Source: https://elr.info/sites/default/files/litigation/27.21468.htm
Timestamp: 2020-01-28 04:01:47
Document Index: 506162890

Matched Legal Cases: ['§ 1319', '§ 1319', '§ 1311', '§ 1319', '§ 1311', '§ 1311', '§ 1342', '§ 1319', '§ 1319', '§ 1319', '§ 924', '§ 922', '§ 922', '§ 924', '§ 1319', '§ 1319', '§ 1319', '§ 1319', '§ 1319', '§ 1319', '§ 1319', '§ 1319', '§ 1319']

United States v. Sinskey
27 ELR 21468 | Environmental Law Reporter | copyright © 1997 | All rights reserved
No. 96-3962, -3965 (119 F.3d 712) (8th Cir. July 11, 1997)
The court affirms the convictions of a meat-packing plant manager and engineer for violating the Federal Water Pollution Control Act (FWPCA) by manipulating the testing process for the level of ammonia nitrate in the wastewater disposed of by the plant in order to appear to comply with the plant's national pollutant discharge elimination system (NPDES) permit.
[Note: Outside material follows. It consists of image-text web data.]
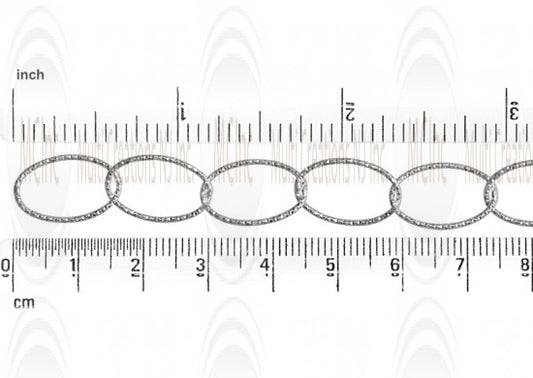 Diamond Cut Oval Cable Chain : 16.8x10.6 mm 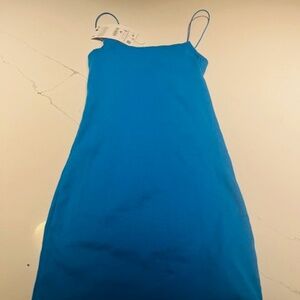 Zara Spaghetti Strap Bright Blue Dress (NWT)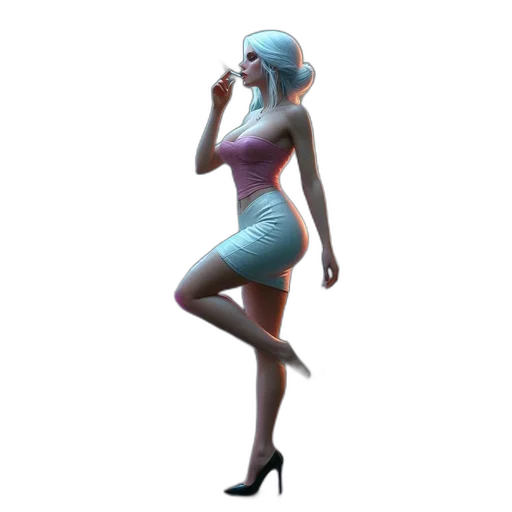 dress, staff, robot, creature transparent PNG cut-out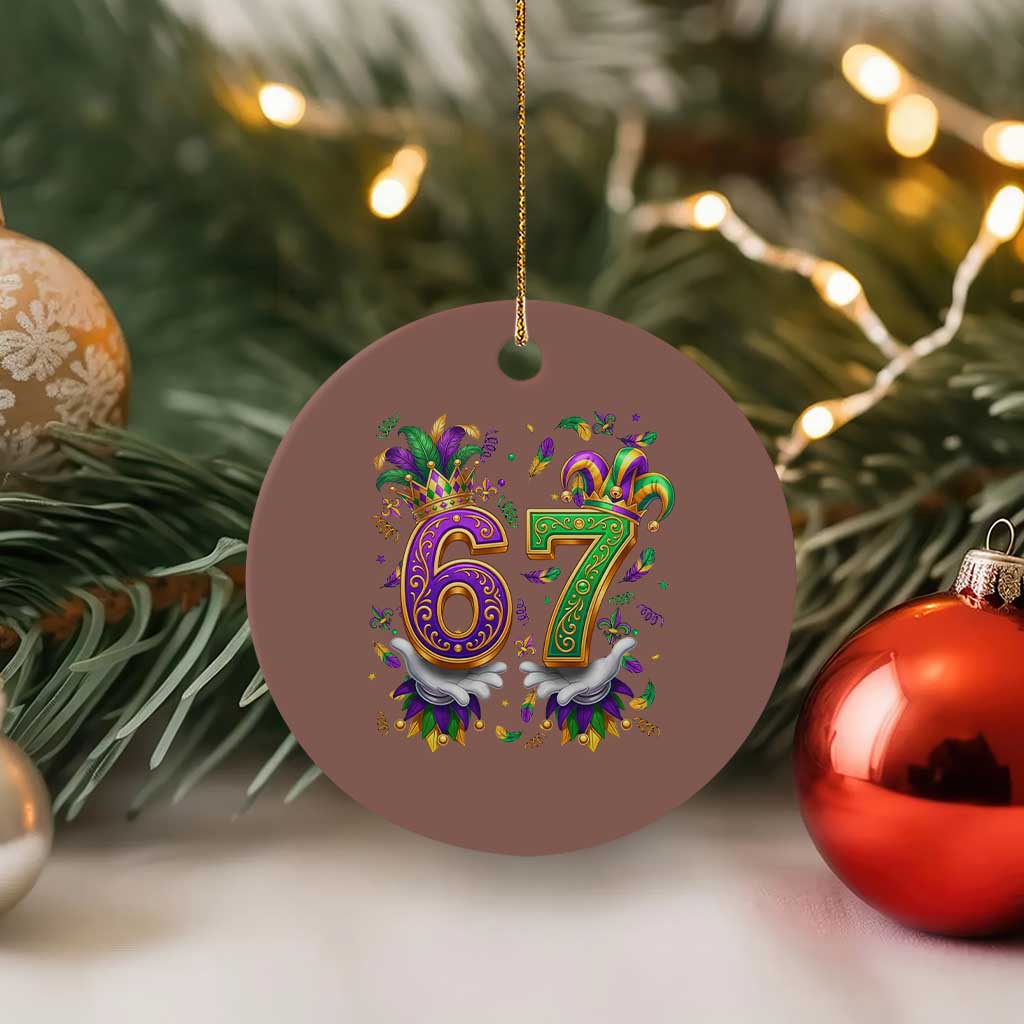 Funny 67 Mardi Gras Ceramic Ornament Six Seven Meme Carnival Hand Gesture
Regarding the plant manager's conviction, the court first holds that the trial court properly instructed the jury to find the manager guilty for violations of either the FWPCA or the NPDES permit by showing that he was merely aware of the nature of his acts and that he did not act or fail to act through ignorance, mistake, or accident. Following the generally accepted construction of the word in criminal statutes, the FWPCA's legislative history, and decisions of other appellate courts, the court rules that the word "knowingly" modifies the acts constituting the underlying conduct prohibited by the statute. The court also holds that the trial court did not abuse its discretion by admitting evidence of a wastewater treatment plant (WWTP) assistant manager's records of actual levels of ammonia nitrogen being discharged, nor did it err by not granting the plant manager's motion seeking to limit severely the government's ability to cross-examine an unindicted co-conspirator.
Regarding the conviction of the plant engineer, the court holds that the trial court did not abuse its discretion when it refused to give a jury instruction that the engineer had no affirmative legal duty to report FWPCA violations or to intervene to prevent them, because the government sufficiently proved that the engineer actively encouraged the flow manipulation and selective sampling, thereby affirmatively participating in the misleading monitoring scheme. Nor does the court find reversible error in the government's closing argument, because its statements did not suggest to the jury that it could convict the engineer solely for the failure to report permit violations or the failure to intervene to stop them. Finally, the court holds that the prosecutor did misstate the law concerning the plant manager's and engineer's guilt but the jury instructions sufficiently cured whatever unfair prejudice that statement may have created.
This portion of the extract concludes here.